11.6. Exceptions

Exceptions inside an asyncio script behave almost the same as in regular Python – they propagate up the call chain until something catches them. Almost because tasks are running in parallel, so the path “up” is not the path that created the task. This page covers where exceptions go in each of the common shapes.

11.6.1. Inside one coroutine

A try/except inside a coroutine catches exceptions raised by anything it awaits, in the usual way:

async def fetch_with_retry(url):
    for attempt in range(3):
        try:
            return await fetch(url)
        except OSError as e:
            last_error = e
    raise last_error

Nothing asyncio-specific here – the except clause sees exceptions raised inside fetch as if it had been a regular function call.

11.6.2. In a task the application is awaiting

When a coroutine running as a Task raises, the exception is stored on the task. The next time something awaits that task, the exception is re-raised at the await:

task = asyncio.create_task(may_fail())
try:
    result = await task
except OSError:
    log("may_fail failed")

The same applies to asyncio.gather(). The default behaviour – one child raises, others get cancelled, the exception propagates out of the gather – comes from this mechanism.

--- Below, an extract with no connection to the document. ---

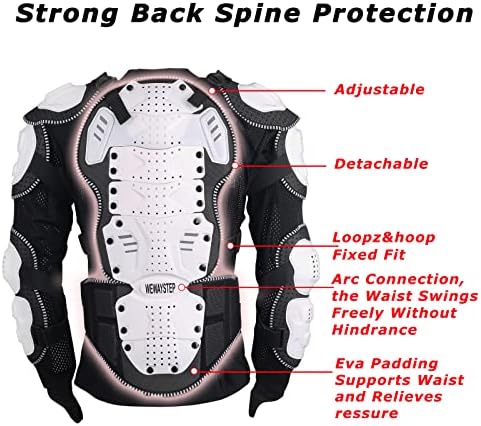 RIDBIKER WEWAYSTEP zaštitna jakna za motocikle Full Body Armor, zaštita kičme za grudi oprema za bicikle za muškarce motokros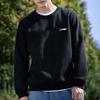 Li-Ning Solid Color Crew Neck Pullover Sweatshirt Unisex Sweatshirt Black AWDT615-1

11.6.3. In a task nobody awaits

A task that nobody ever awaits is the case that needs attention. The exception still happens; the loop notices the task finished with an unhandled exception; but there is no await for it to surface at. The default behaviour is to print a traceback through sys.stderr and continue running – which is fine for an unattended diagnostic, but a poor fit for an application that wanted to know.

The right fix is usually to await the task. Either directly, by remembering the handle and awaiting it during shutdown, or implicitly through gather() or wait_for(). The Timeouts and cancellation page’s “shutting an application down” pattern catches this case for the long-lived background tasks a typical script spawns.

11.6.4. Custom exception handler

When silent traceback-and-continue is not enough, the loop exposes a hook – Loop.set_exception_handler – the application can override to do something else:

def handler(loop, context):
    print("asyncio:", context.get("message"))
    if "exception" in context:
        sys.print_exception(context["exception"])

loop = asyncio.get_event_loop()
loop.set_exception_handler(handler)

The context argument is a dict with keys 'message', 'exception', and 'future'. The exception may be missing on certain warning-style events, which is why the example uses .get().

Typical uses are to log the failure to flash, blink an error LED, or escalate to a watchdog reboot. The loop control page covers the full surface of loop hooks.

11.6.5. KeyboardInterrupt

When a script is stopped from the outside – usually by the IDE asking it to halt – the request arrives inside the script as a KeyboardInterrupt. Inside asyncio.run() it propagates the way any other unhandled exception would: main is cancelled, every task the loop is tracking gets cancelled too, and the KeyboardInterrupt is re-raised out of asyncio.run(). finally clauses run on the way out, so the same cleanup pattern from the cancellation page is what handles it.